I guess if sterling depreciates in comparison to the dollar, this means that countries will start to buy our goods since they become cheaper and we will start to import less since it becomes more expensive. Since exports is a component of aggregate demand (total expenditure of all goods or services in the economy at any given price level) this means that AD will increase causing an increase in real output and also in the price level which effectively means that inflation will increase
Reply 196
Original post by davidmizrahi
I guess if sterling depreciates in comparison to the dollar, this means that countries will start to buy our goods since they become cheaper and we will start to import less since it becomes more expensive. Since exports is a component of aggregate demand (total expenditure of all goods or services in the economy at any given price level) this means that AD will increase causing an increase in real output and also in the price level which effectively means that inflation will increase


Could you explain how an increase in AD will cause an increase in output?
Reply 197
What would you get in total in for AS level if you got a B in unit 1 and get a D in this one?? help!
Original post by Boy_wonder_95
Monetary Policy could also be increasing/decreasing the Money Supply then you could bring QE into it which would get complex.

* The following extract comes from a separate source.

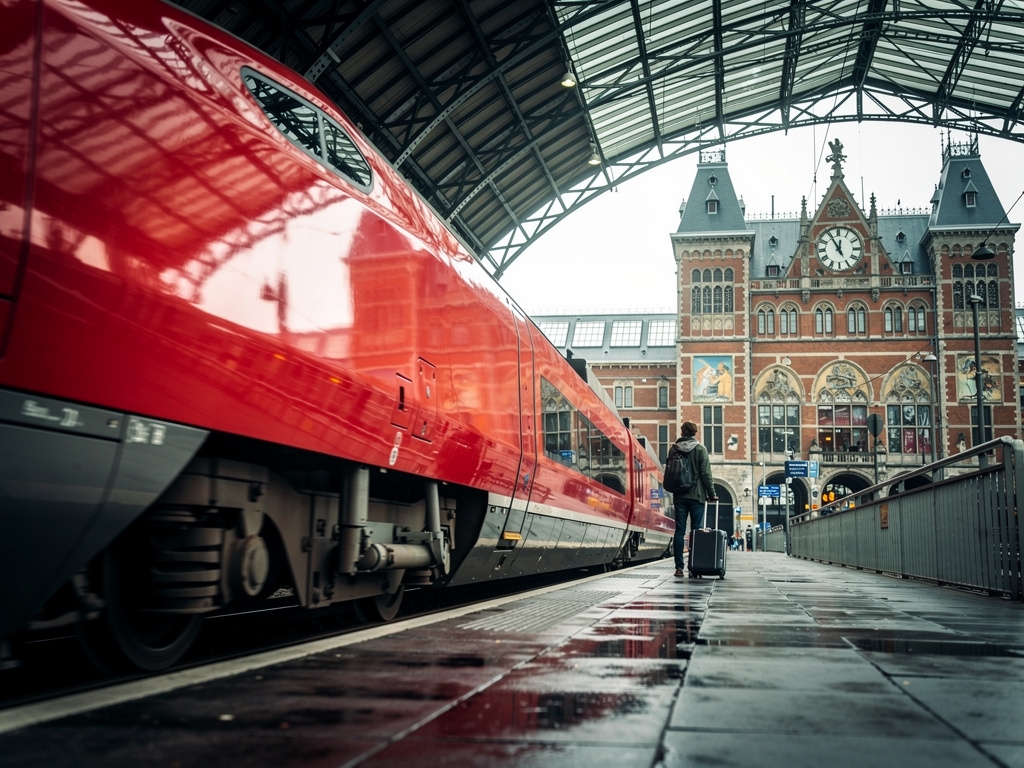 Train Thalys à l'arrivée à Amsterdam Centraal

Always look at the data. In some circumstances we may not be able to decrease our interest rates any further. Current context (ie we are in a recession so even if MPC decides to cut interest rates it is unlikely to have any impacts within the economy) It also depends on the interest elasticity of demand. Banks might fail to pass on cut in interest rates. The poor are more likely to benefit from this whereas savers such as pensioners who are on fixed incomes will suffer due to a cut in interest rates. It is a blunt policy as well so there are unequal impacts in different parts of the country (ie North Greece vs South Greece)
Original post by Poopy
Could you explain how an increase in AD will cause an increase in output?


When approaching these questions always remember to draw the graphs. If there is an increase in aggregate demand, this means that there will be a shift in the curve outwards (to the right). If you draw the aggregate supply curve you should see that the intersection of the AD curve on the LRAS curve is greater than the initial equilibrium meaning that there is an increase in the price level and real output as well.